=== AVAILABLE DATA ===

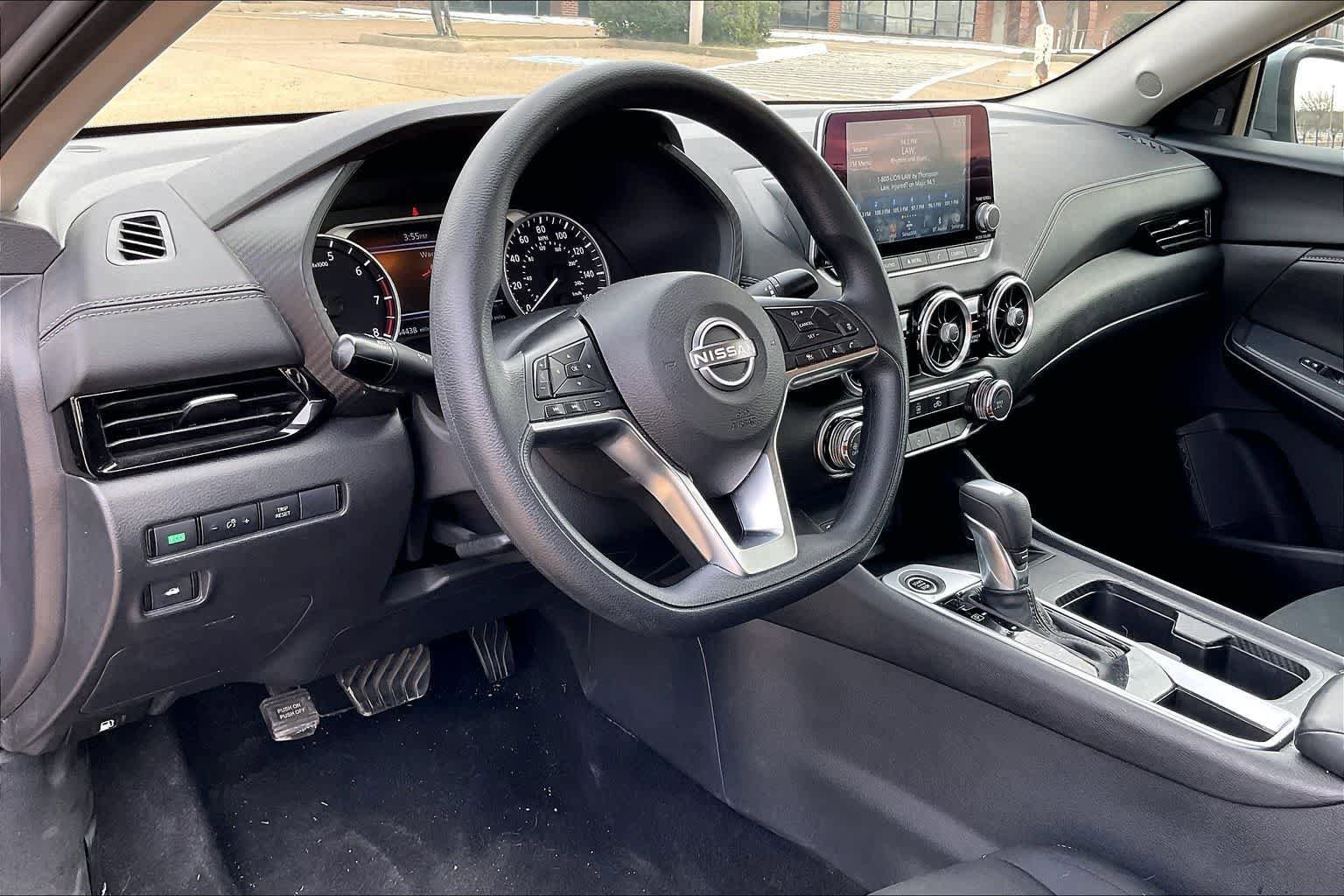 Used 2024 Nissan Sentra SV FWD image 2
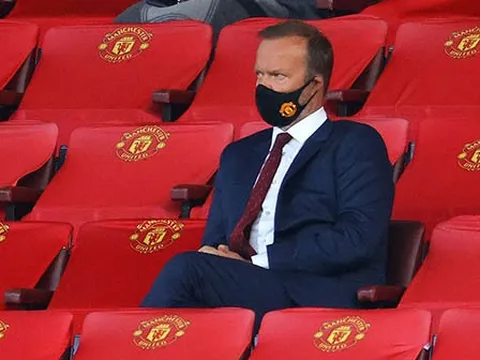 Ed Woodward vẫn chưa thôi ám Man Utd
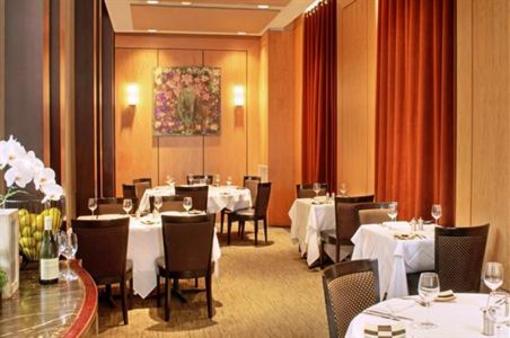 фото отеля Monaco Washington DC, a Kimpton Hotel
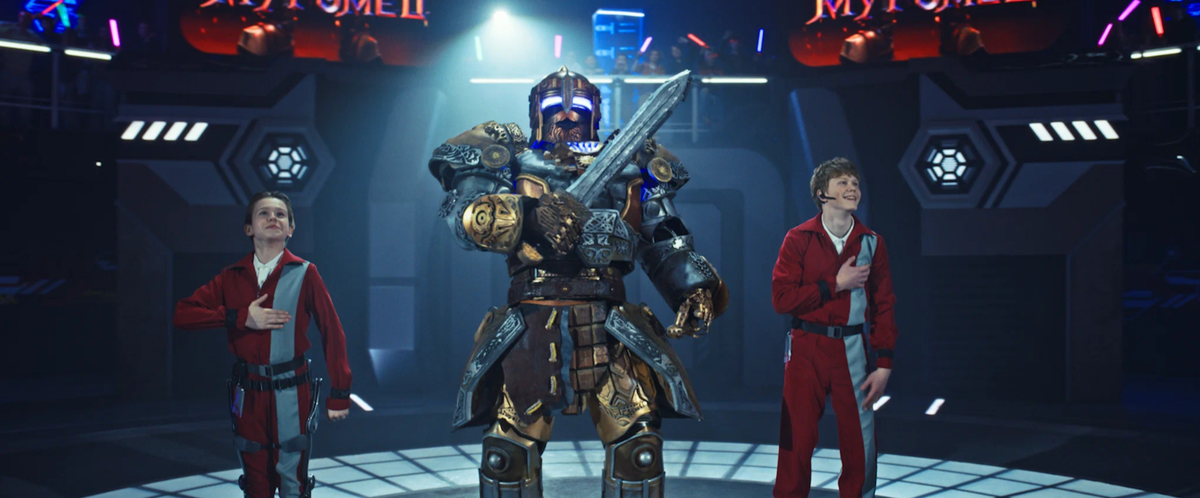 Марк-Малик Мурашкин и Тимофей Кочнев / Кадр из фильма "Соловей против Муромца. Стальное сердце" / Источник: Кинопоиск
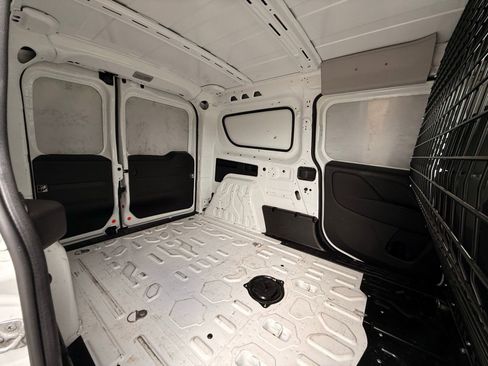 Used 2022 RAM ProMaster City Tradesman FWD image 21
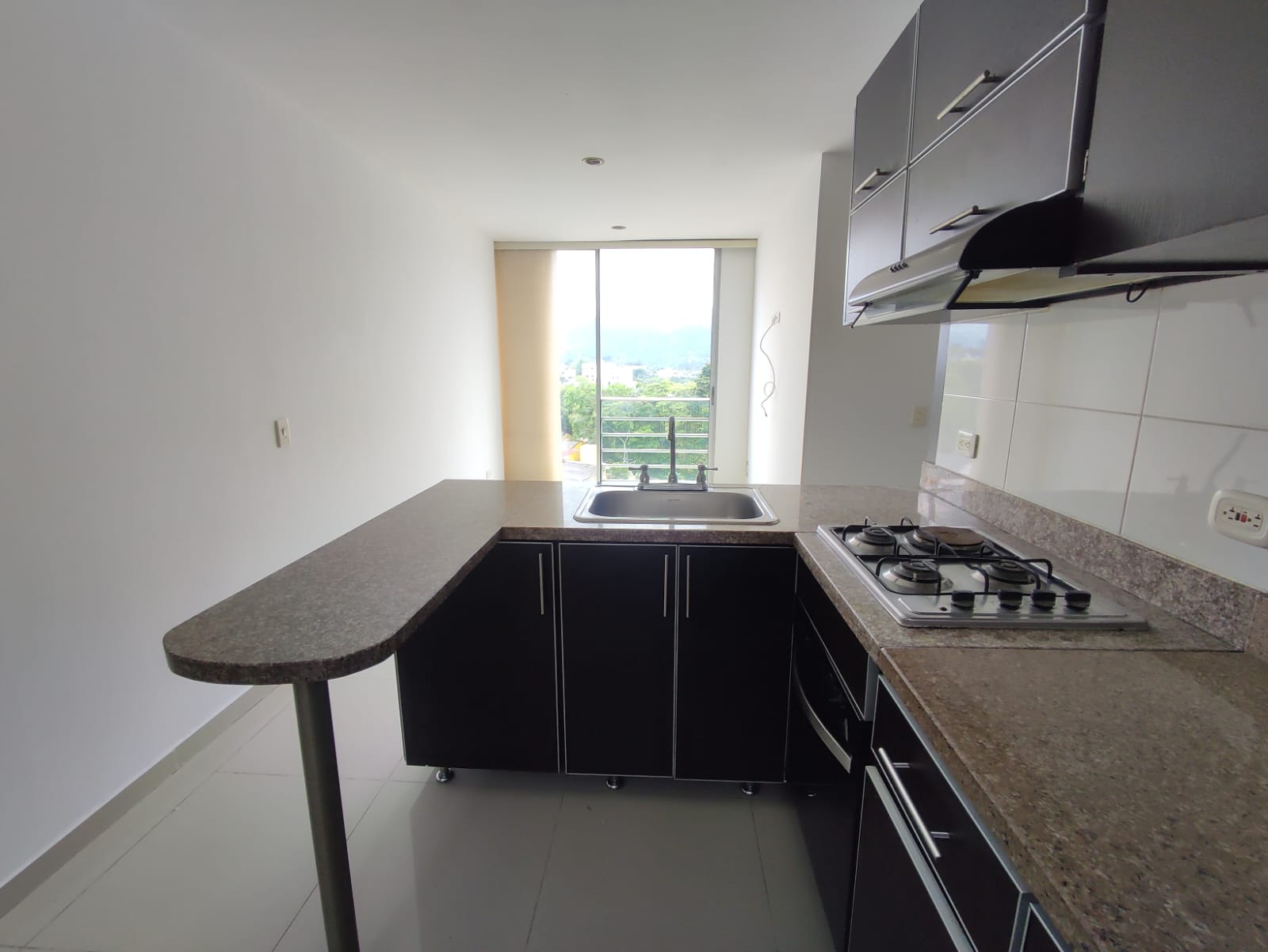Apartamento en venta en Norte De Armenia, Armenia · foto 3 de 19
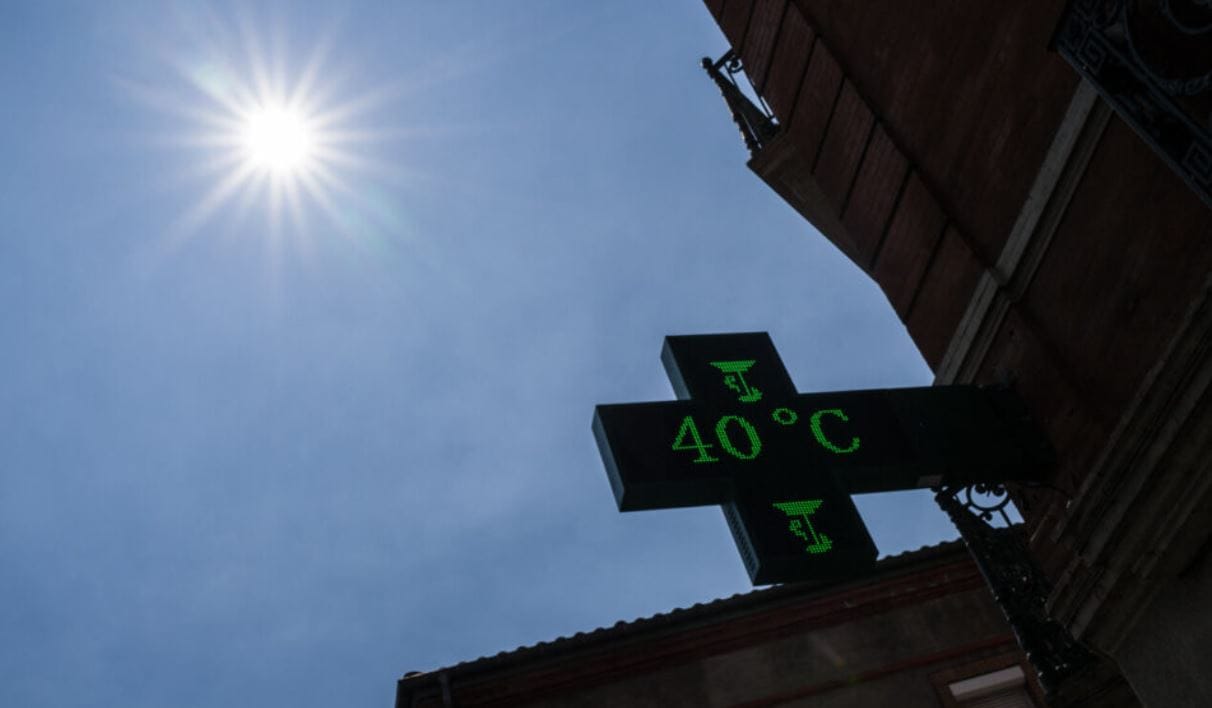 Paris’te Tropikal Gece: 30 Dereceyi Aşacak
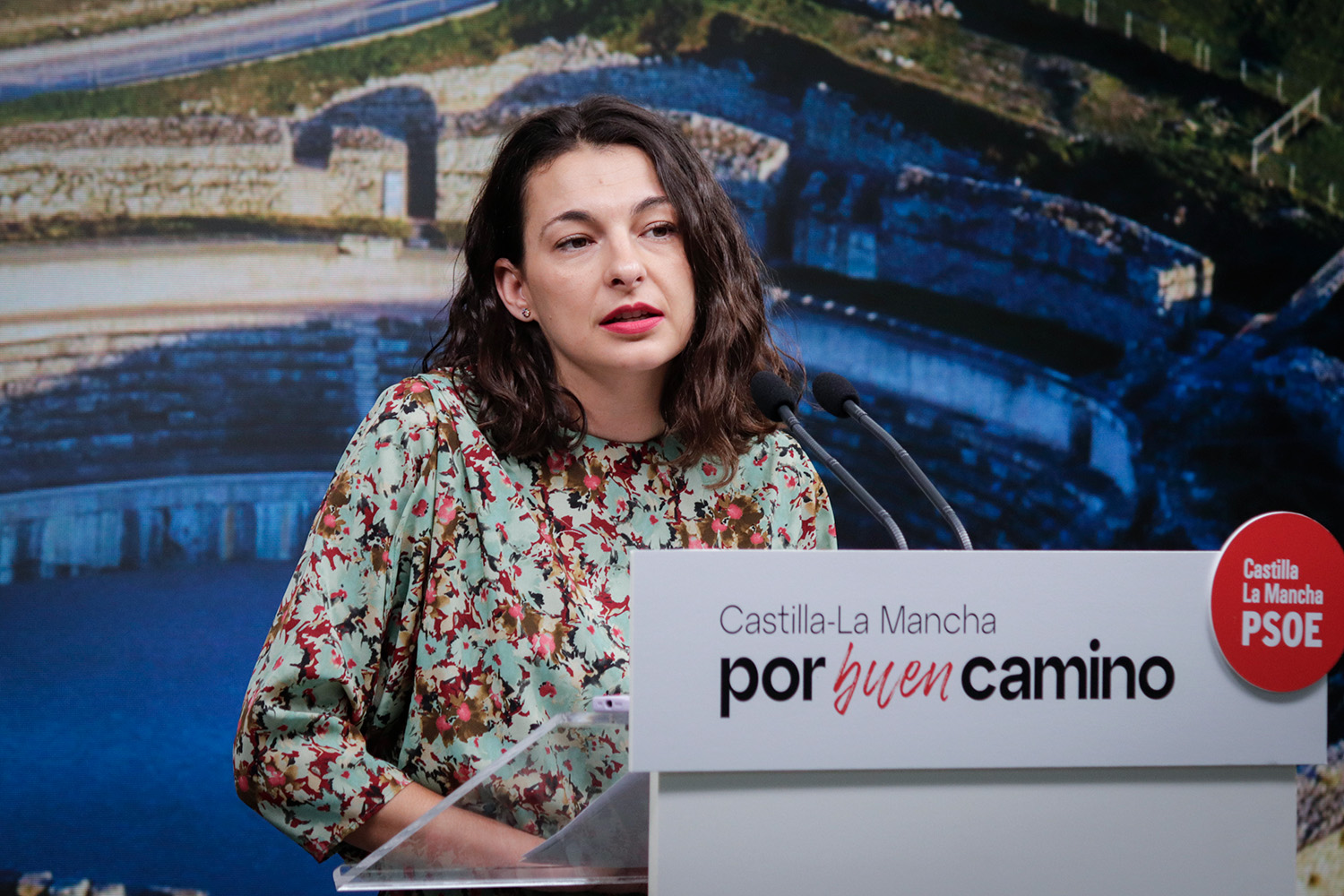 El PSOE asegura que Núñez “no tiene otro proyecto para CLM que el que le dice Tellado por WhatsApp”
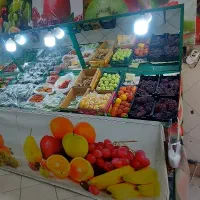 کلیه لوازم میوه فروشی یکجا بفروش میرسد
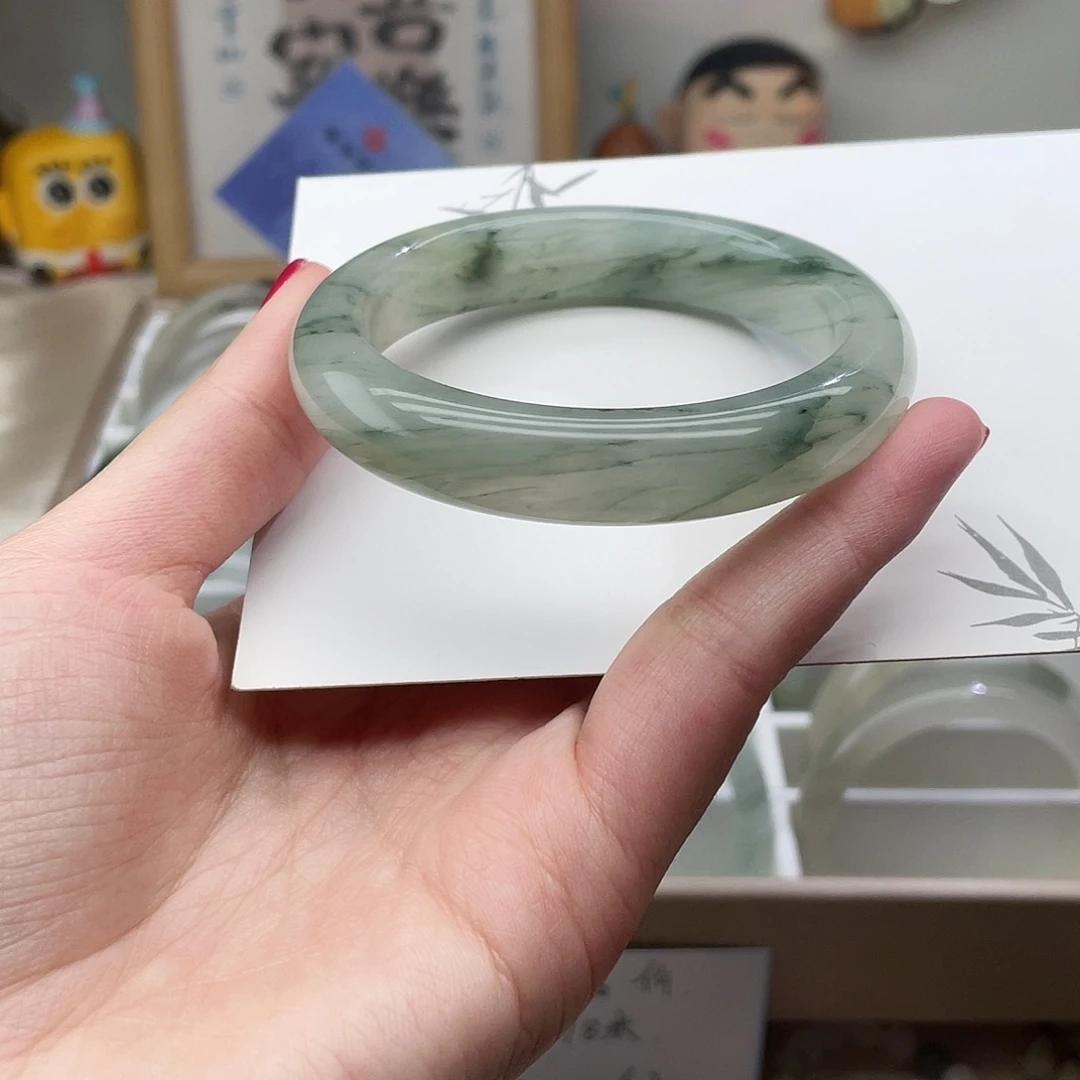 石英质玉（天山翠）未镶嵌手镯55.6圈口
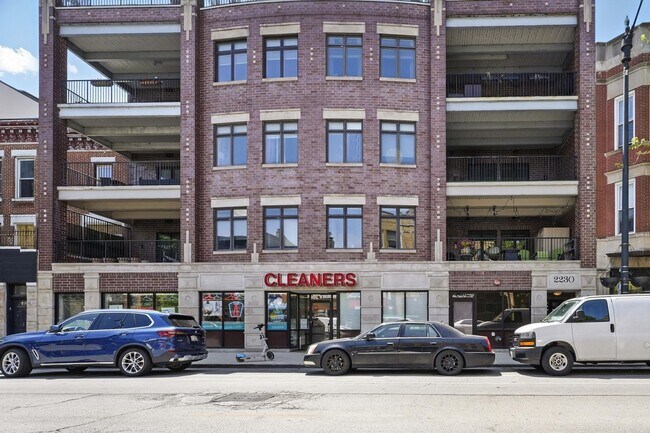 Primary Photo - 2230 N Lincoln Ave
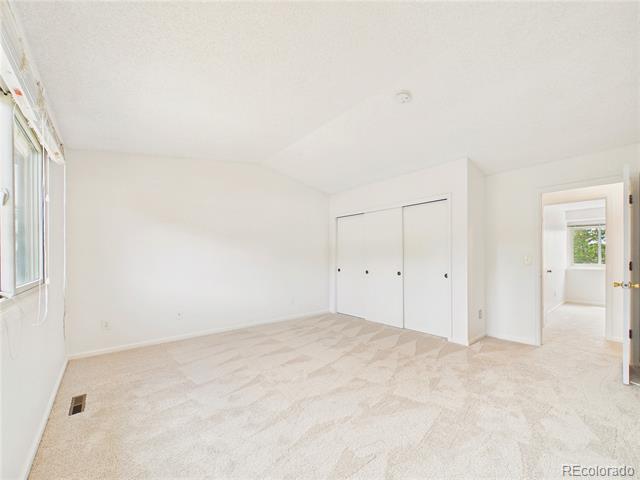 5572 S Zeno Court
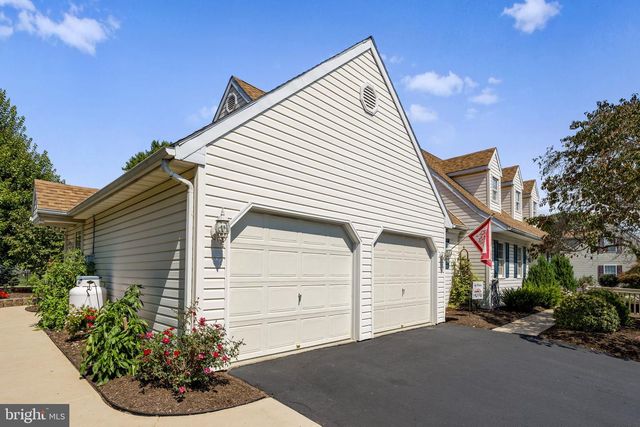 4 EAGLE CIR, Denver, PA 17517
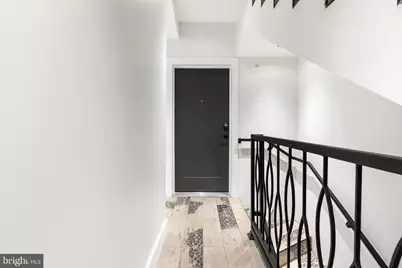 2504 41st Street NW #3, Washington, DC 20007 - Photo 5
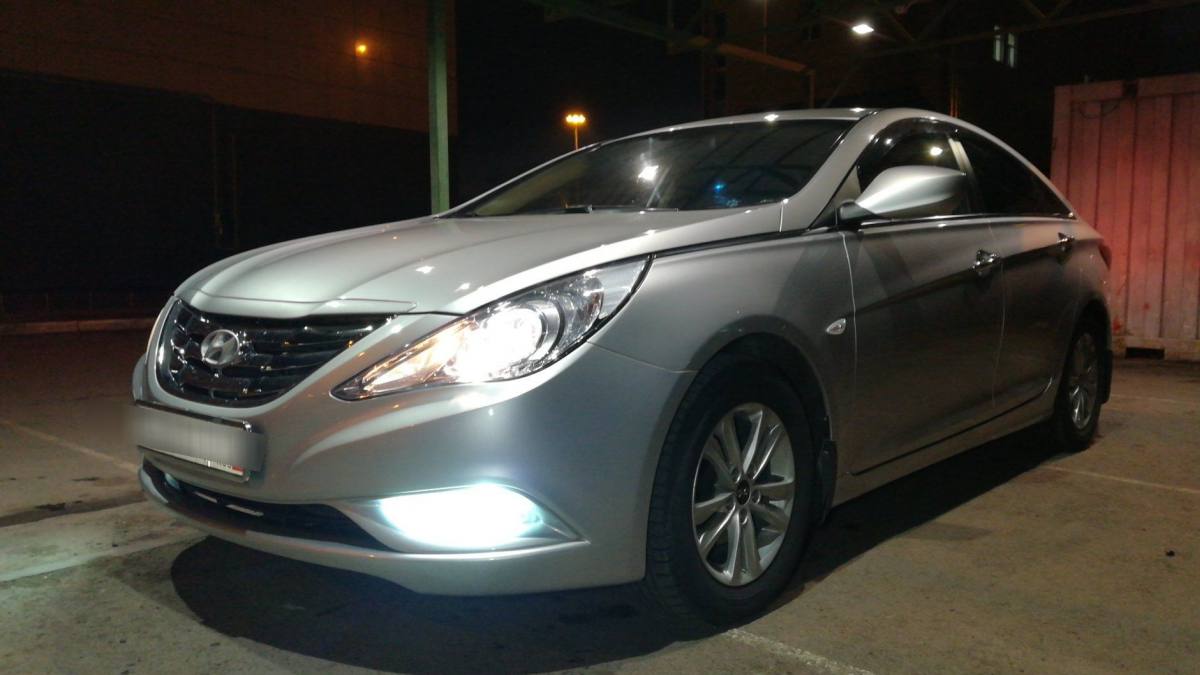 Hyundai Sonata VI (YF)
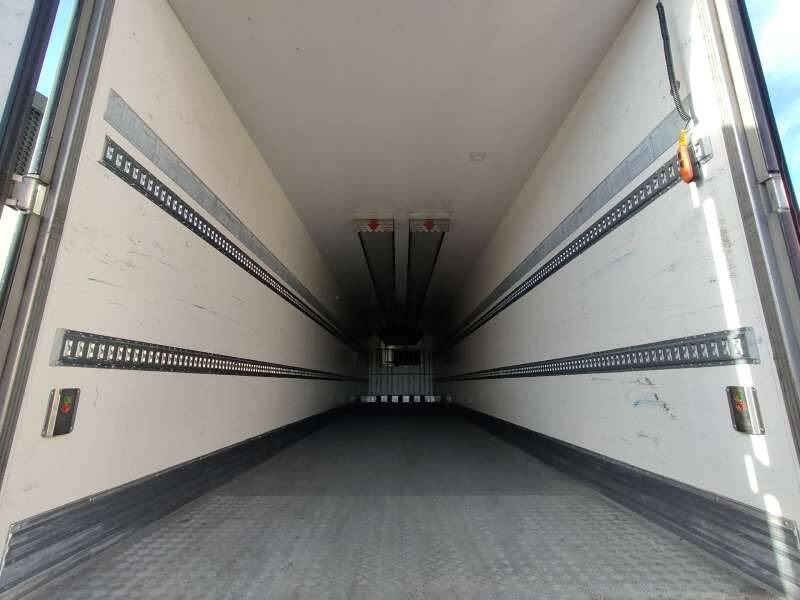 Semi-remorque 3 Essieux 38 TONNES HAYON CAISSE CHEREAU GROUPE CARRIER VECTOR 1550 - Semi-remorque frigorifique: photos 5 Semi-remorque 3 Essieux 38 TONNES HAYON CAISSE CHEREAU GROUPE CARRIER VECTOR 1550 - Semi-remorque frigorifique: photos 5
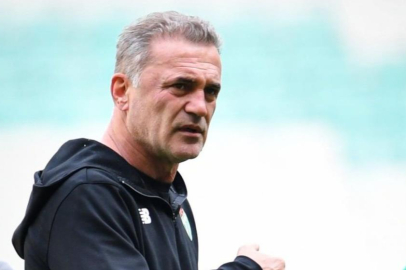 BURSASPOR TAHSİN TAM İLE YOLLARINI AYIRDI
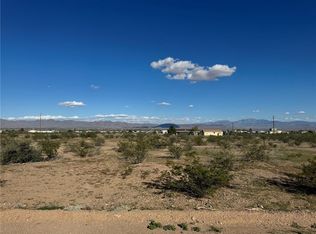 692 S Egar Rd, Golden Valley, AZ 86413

===

BRIEF: Once you find the line that contains "Primary Photo - 2230 N Lincoln Ave", reproduce it and every line after it through the end of the entries above, exactly as written, with no pictures.

RESULT FOR THIS EXERCISE:
 Primary Photo - 2230 N Lincoln Ave
 5572 S Zeno Court
 4 EAGLE CIR, Denver, PA 17517
 2504 41st Street NW #3, Washington, DC 20007 - Photo 5
 Hyundai Sonata VI (YF)
 Semi-remorque 3 Essieux 38 TONNES HAYON CAISSE CHEREAU GROUPE CARRIER VECTOR 1550 - Semi-remorque frigorifique: photos 5 Semi-remorque 3 Essieux 38 TONNES HAYON CAISSE CHEREAU GROUPE CARRIER VECTOR 1550 - Semi-remorque frigorifique: photos 5
 BURSASPOR TAHSİN TAM İLE YOLLARINI AYIRDI
 692 S Egar Rd, Golden Valley, AZ 86413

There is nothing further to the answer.